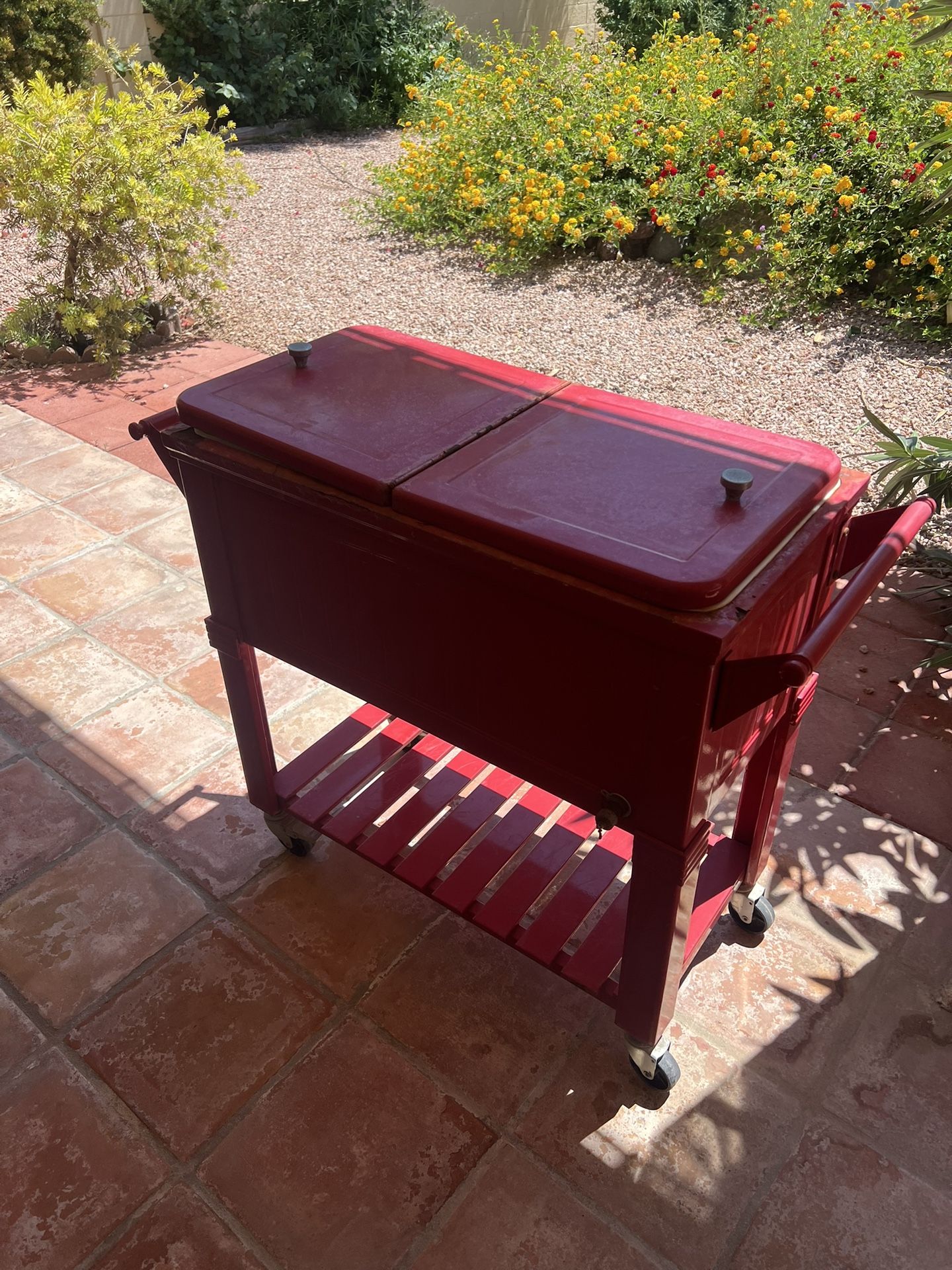 Rolling Out Food Cooler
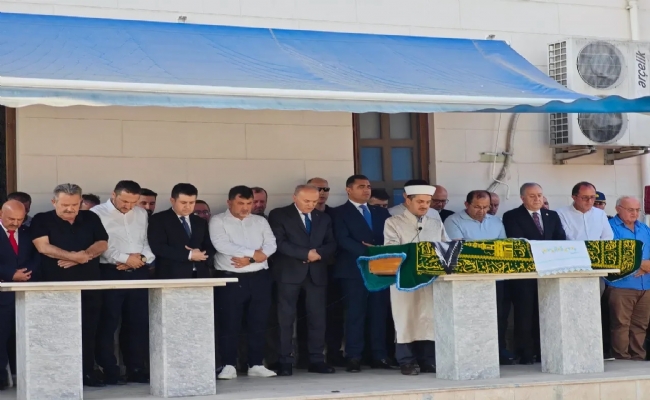 Gölyaka Belediye Başkanının eşi son yolculuğuna uğurlandı
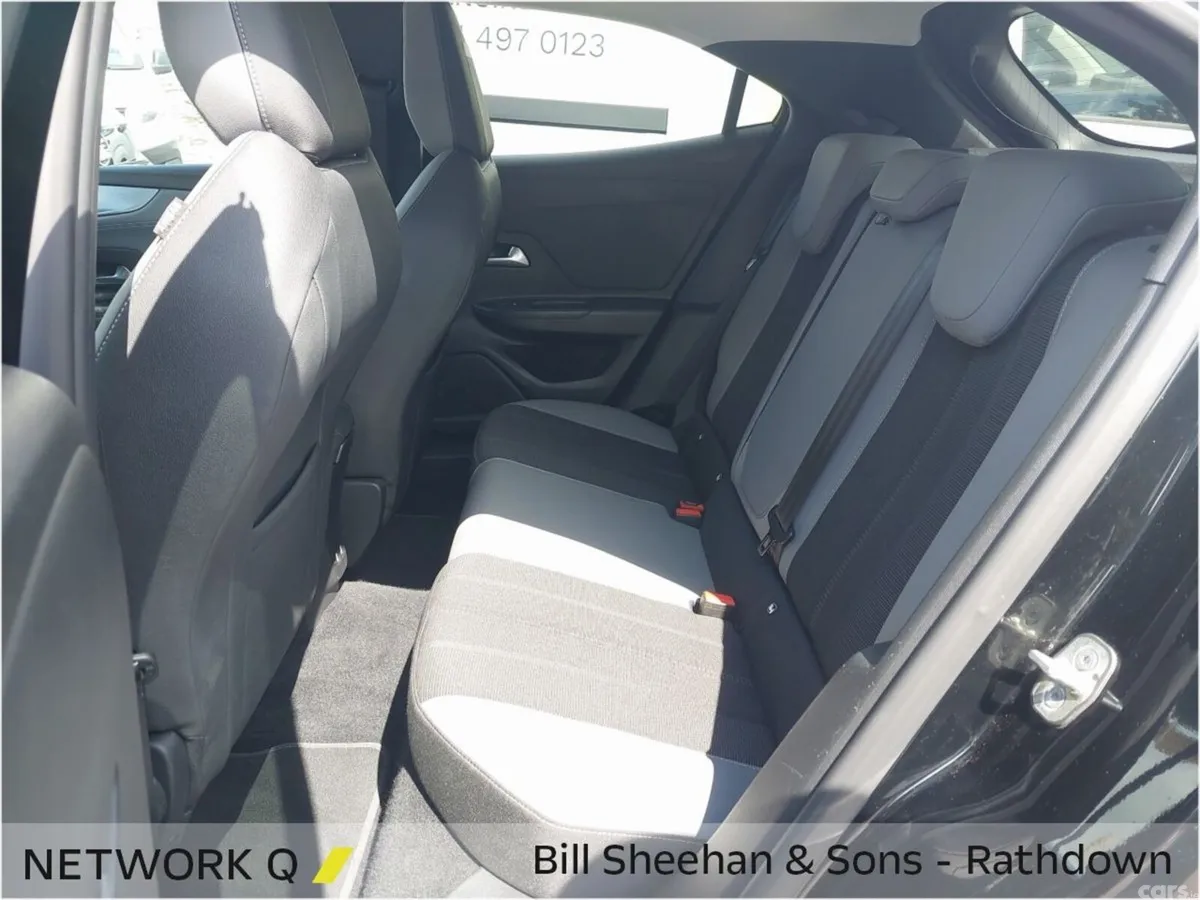 Opel Mokka SUV, Petrol, 2023, Black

#### DIRECTIONS FOR THIS TASK
Print the material in full and exactly, minus the pictures.

#### EXERCISE SOLUTION
 Rolling Out Food Cooler
 Gölyaka Belediye Başkanının eşi son yolculuğuna uğurlandı
 Opel Mokka SUV, Petrol, 2023, Black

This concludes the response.